PROBLEM DESCRIPTION:
After finding the line with "Paracord Dog Collar, Halti" in the entries below, retype exactly each line from there through the line with "Амурский Кобчик", including that final line.

EXERCISE INPUT:
┌────────

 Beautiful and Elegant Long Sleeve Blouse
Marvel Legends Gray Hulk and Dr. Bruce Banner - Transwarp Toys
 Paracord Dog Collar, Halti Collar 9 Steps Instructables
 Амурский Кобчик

└────────
┌────────

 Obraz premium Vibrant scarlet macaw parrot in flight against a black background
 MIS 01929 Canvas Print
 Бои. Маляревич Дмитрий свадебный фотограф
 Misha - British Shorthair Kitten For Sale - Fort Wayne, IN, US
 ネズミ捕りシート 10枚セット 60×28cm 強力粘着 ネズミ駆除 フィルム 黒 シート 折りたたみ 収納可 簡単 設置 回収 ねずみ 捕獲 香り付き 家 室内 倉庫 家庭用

└────────

RESPONSE AREA:
 Paracord Dog Collar, Halti Collar 9 Steps Instructables
 Амурский Кобчик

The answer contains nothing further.